La pièce Les félins m’aiment bien ne semble pas se dérouler dans un univers bien défini. À la lecture de la pièce, l’important état d’isolation et de repli dans lequel sont plongés les protagonistes m’a frappée. Ils n’ont aucun contact avec l’extérieur, et sont entre eux marqués par un égoïsme fort. Un second élément m’a aussi frappée : la vanité et l’impermanence à laquelle sont soumises les personnages. Tout semble sans cesse en mouvement : le mobilier, qui change sans cesse. Les figures, qui se transforment en monstres mangeurs de chairs. Les personnages, qui tentent de changer d’identité. Tout semble évanescent.

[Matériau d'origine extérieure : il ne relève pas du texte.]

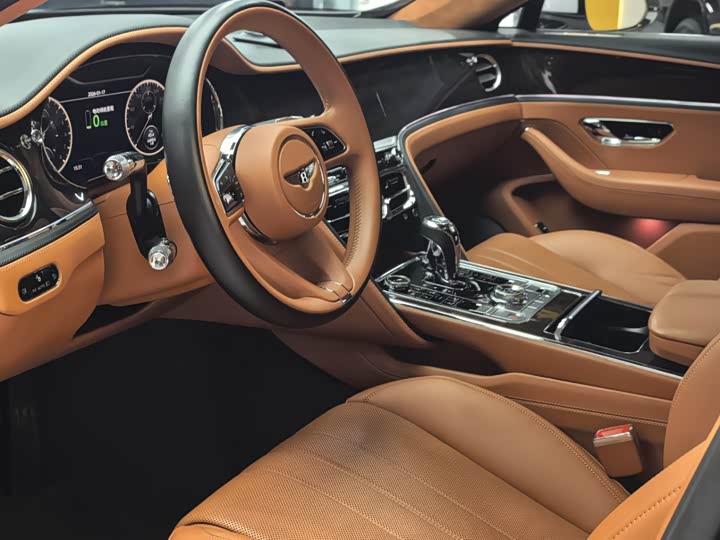 Фото 7 - Bentley Flying Spur Hybrid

C’est ainsi que j’ai imaginé un univers froid, inquiétant, mais surtout terriblement aseptisé et artificiel. Une sorte de lieu aveugle, flottant dans le noir, dans lequel des lumières irréelles viennent rythmer les journées. La principale caractéristique du lieu serait ces énormes bocaux, meublant entièrement l’espace. Les acteurs évolueraient au milieu d’eux comme dans un palais des glaces. Les bocaux seraient recouverts d’une matière leur donnant l’aspect d’un miroir, renvoyant le reflet des protagonistes à l’infini, leur empêchant d’avoir un quelconque regard sur l’extérieur. Le son participerait à ce jeu de reflet : les paroles, les bruits, tout semble être renvoyé par l’écho. Les personnages se retrouveraient ainsi piégés dans un labyrinthe de miroirs d’images et de sons, où le semblable devient tantôt désir, tantôt hostile. Une fois éclairés de l’intérieur, les bocaux dévoilent leur partie cachée : une serre, complétement artificielle. Quelque chose de très maîtrisé, qui ne tardera pas à échapper à tout contrôle.
Très vite, le décor perdra son côté aseptisé au profit de quelque chose de bien plus viscéral : de la terre qui jonche le sol, des objets éparpillés, des blocs renversés : une matière qui contamine le décor, qui rappelle la chair, le sang et l’animalité présente en toute chose, aussi lisse et propre soit-elle.